_Work instructions_: The lines below, from the one containing "Camping Kitchen Station, Folding" through the one containing "Capa com o título", should be set down exactly, with no pictures and nothing else.

_Records provided_:
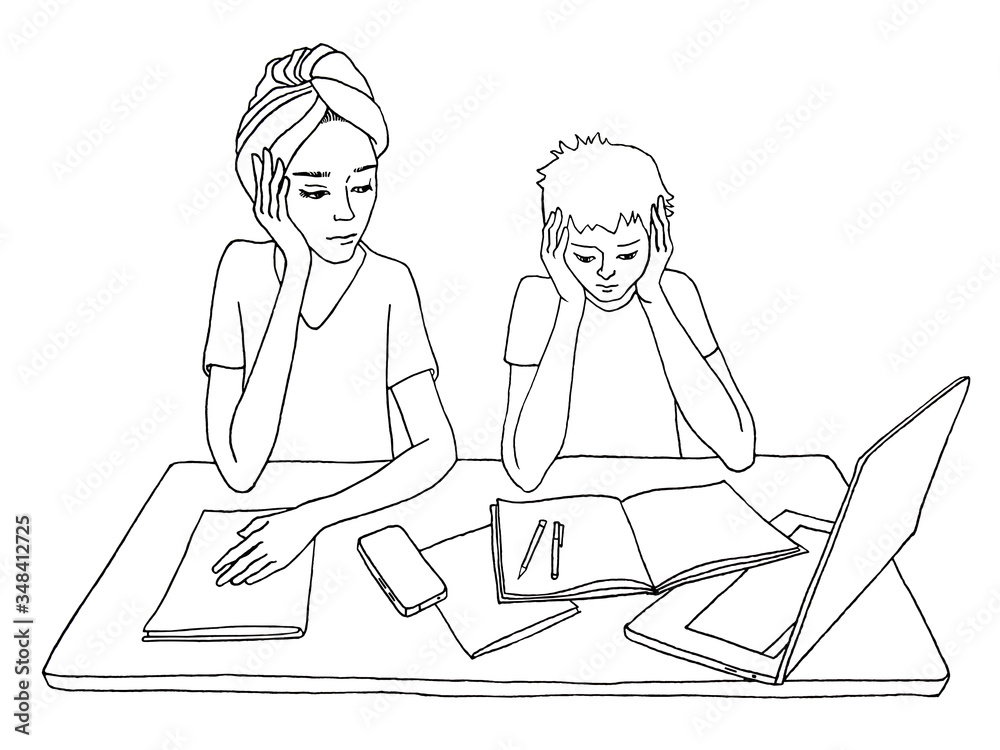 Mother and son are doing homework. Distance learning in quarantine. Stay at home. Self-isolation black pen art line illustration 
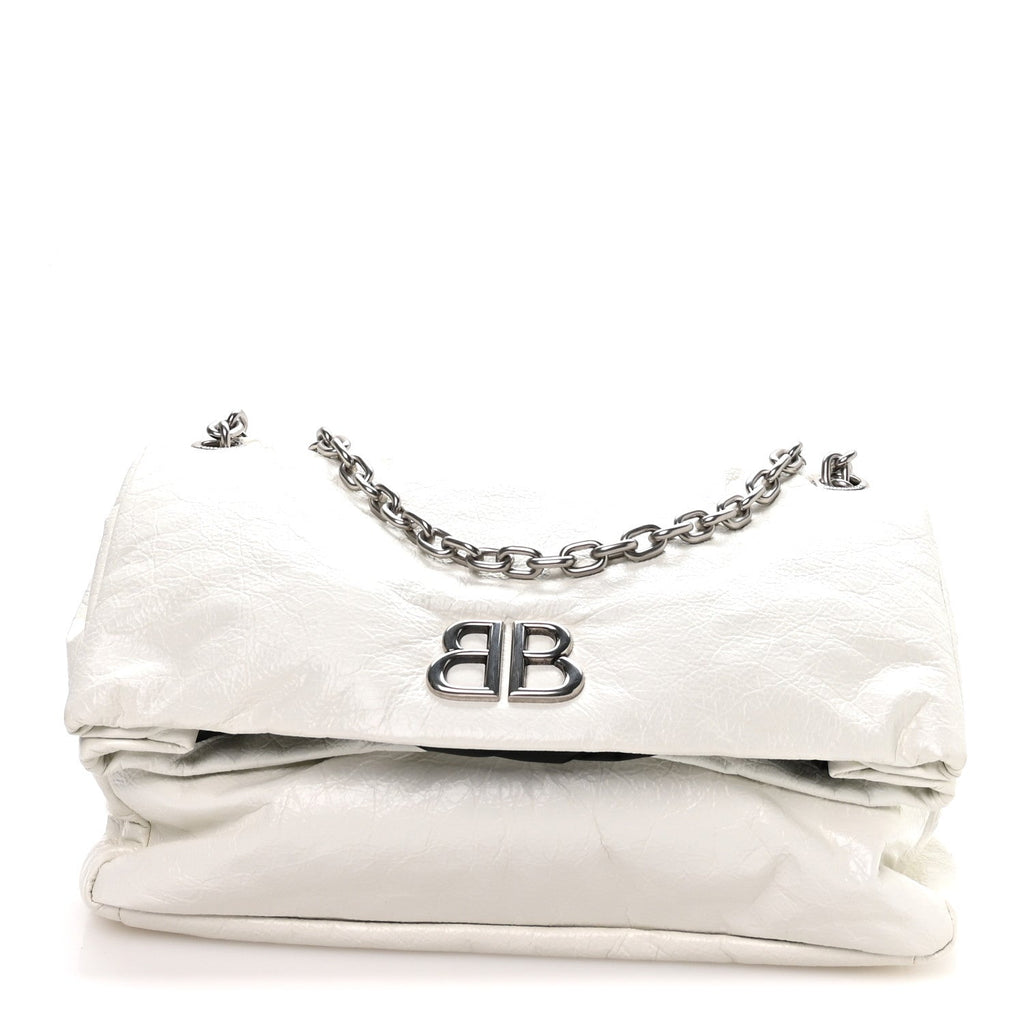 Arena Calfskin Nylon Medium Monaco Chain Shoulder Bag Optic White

* * *

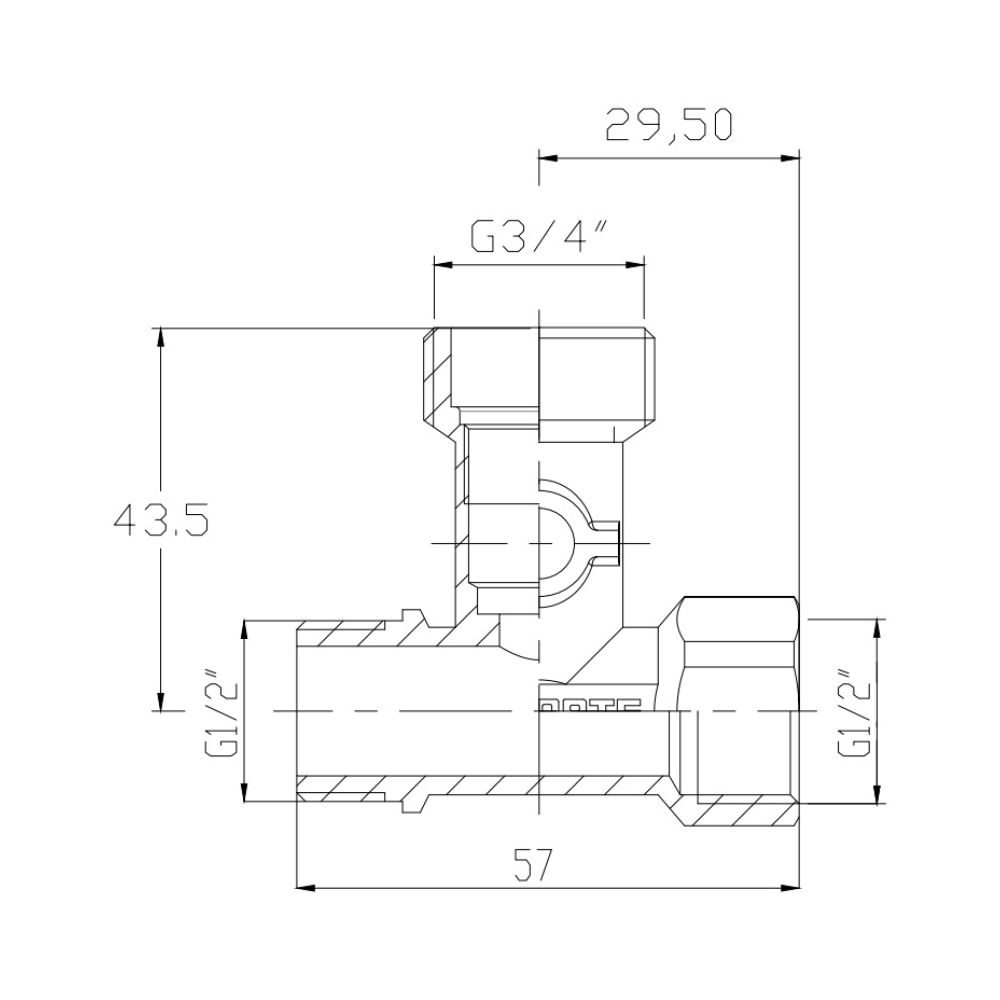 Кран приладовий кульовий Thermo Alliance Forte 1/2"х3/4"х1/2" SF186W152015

---

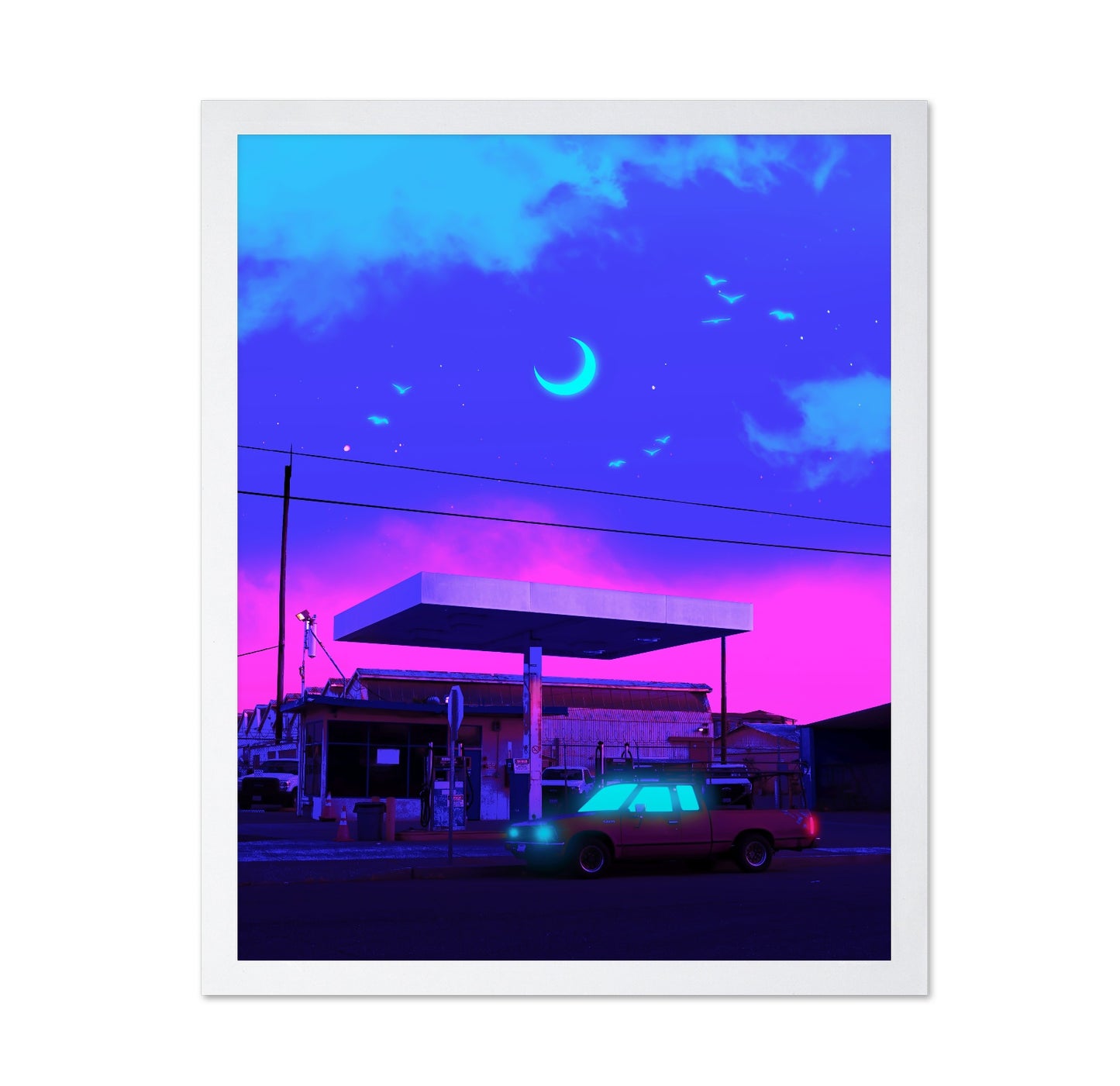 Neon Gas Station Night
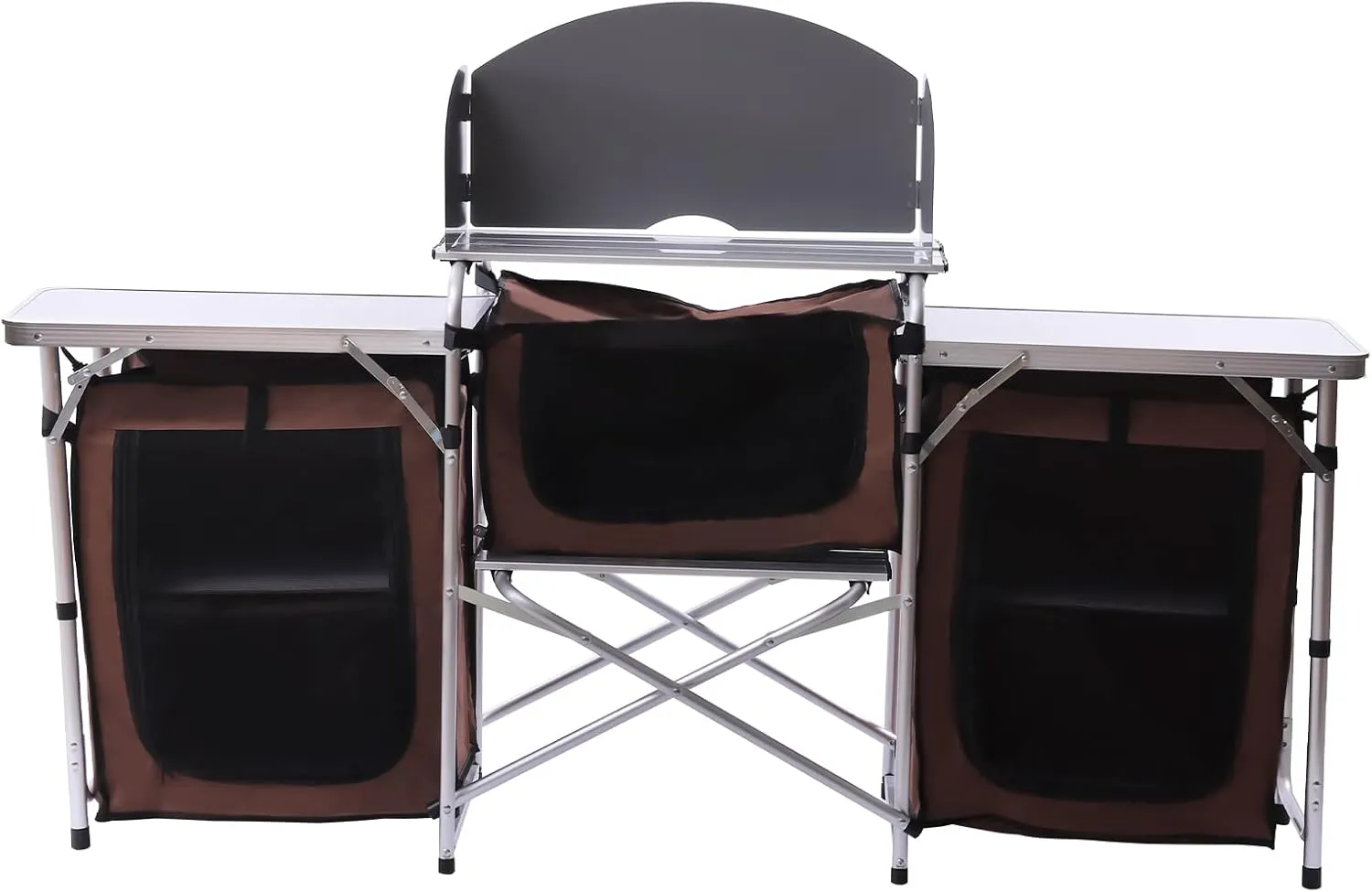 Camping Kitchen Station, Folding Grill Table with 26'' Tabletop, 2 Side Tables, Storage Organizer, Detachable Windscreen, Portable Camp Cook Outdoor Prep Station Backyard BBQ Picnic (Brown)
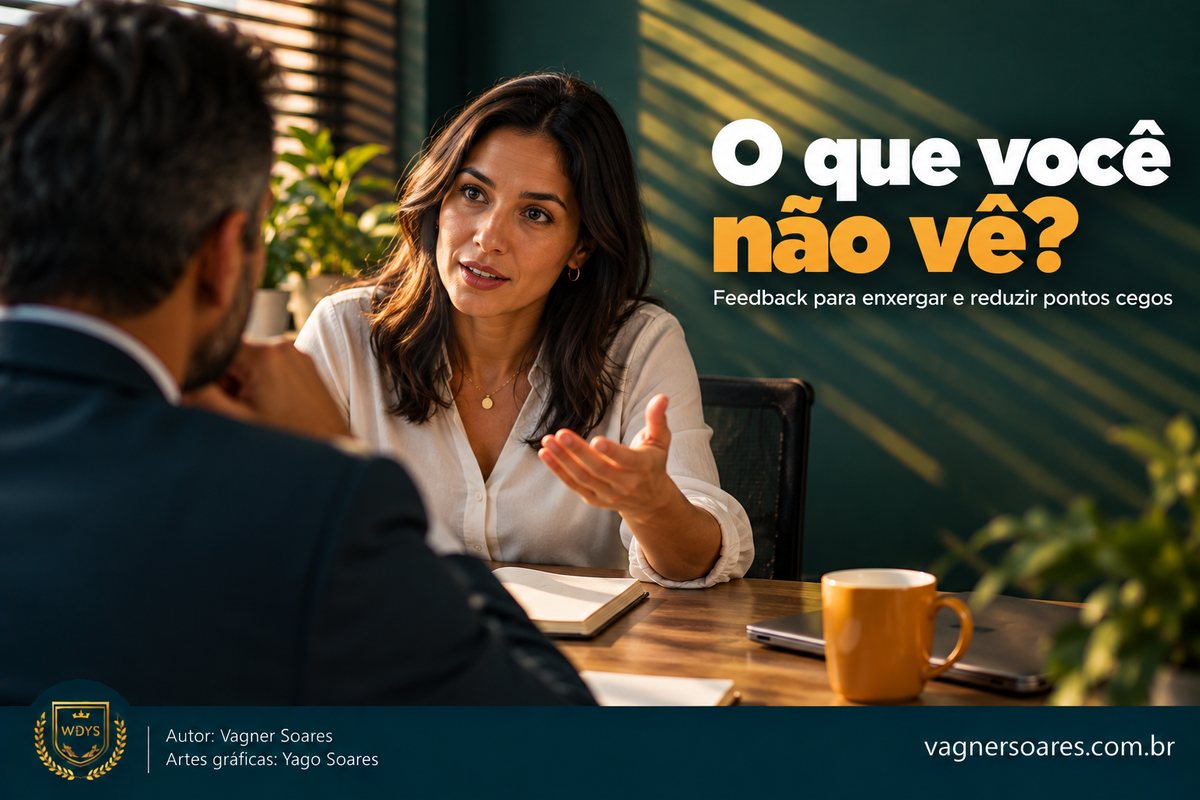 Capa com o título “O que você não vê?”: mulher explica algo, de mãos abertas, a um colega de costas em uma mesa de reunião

_Answer space_:
 Camping Kitchen Station, Folding Grill Table with 26'' Tabletop, 2 Side Tables, Storage Organizer, Detachable Windscreen, Portable Camp Cook Outdoor Prep Station Backyard BBQ Picnic (Brown)
 Capa com o título “O que você não vê?”: mulher explica algo, de mãos abertas, a um colega de costas em uma mesa de reunião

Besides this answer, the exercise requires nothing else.